Assigned task:
Only one stretch of the records below is wanted: the lines from the one holding "Karl Lagerfeld 'luxury" through the one holding "Xmas Lighting Santa". Return it exactly, both ends included.

(Records for this task Opens)

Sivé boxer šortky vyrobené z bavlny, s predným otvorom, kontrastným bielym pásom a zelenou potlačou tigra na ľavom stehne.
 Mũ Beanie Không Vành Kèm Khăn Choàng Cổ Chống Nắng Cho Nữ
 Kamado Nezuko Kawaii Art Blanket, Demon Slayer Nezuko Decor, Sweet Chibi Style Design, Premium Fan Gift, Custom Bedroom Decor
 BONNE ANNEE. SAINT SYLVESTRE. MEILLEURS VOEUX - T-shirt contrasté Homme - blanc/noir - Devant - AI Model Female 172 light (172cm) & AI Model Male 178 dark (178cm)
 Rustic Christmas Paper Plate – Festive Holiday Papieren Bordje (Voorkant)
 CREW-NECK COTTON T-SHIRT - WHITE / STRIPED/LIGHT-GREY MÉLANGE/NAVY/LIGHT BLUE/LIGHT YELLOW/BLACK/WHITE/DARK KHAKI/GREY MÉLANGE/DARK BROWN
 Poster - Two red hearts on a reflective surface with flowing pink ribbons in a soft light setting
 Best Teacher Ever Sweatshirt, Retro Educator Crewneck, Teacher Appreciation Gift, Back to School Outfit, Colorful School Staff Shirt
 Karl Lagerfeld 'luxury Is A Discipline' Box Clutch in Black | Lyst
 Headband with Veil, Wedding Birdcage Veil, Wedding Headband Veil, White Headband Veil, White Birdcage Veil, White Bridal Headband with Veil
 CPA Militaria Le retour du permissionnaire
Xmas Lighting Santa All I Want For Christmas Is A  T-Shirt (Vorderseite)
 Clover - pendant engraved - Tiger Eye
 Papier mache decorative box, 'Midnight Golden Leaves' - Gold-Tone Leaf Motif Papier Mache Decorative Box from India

(Records for this task Closes)

Written answer:
 Karl Lagerfeld 'luxury Is A Discipline' Box Clutch in Black | Lyst
 Headband with Veil, Wedding Birdcage Veil, Wedding Headband Veil, White Headband Veil, White Birdcage Veil, White Bridal Headband with Veil
 CPA Militaria Le retour du permissionnaire
Xmas Lighting Santa All I Want For Christmas Is A  T-Shirt (Vorderseite)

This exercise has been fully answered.